• [Required action]: Only the lines from the one containing "Obraz premium Studio" to the end of the data should be copied, exactly and without pictures.

• [Collected material]:
==================================================
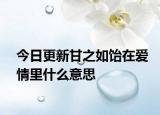 今日更新甘之如飴在愛(ài)情里什么意思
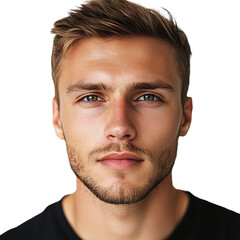 Obraz premium Studio close-up portrait of young handsome man with calm facial emotion, looking straight ahead. isolated on transparent background.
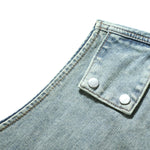 Relaxed Washed Zip-Up Denim Vest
==================================================
• [Reply to the exercise]:
 Obraz premium Studio close-up portrait of young handsome man with calm facial emotion, looking straight ahead. isolated on transparent background.
 Relaxed Washed Zip-Up Denim Vest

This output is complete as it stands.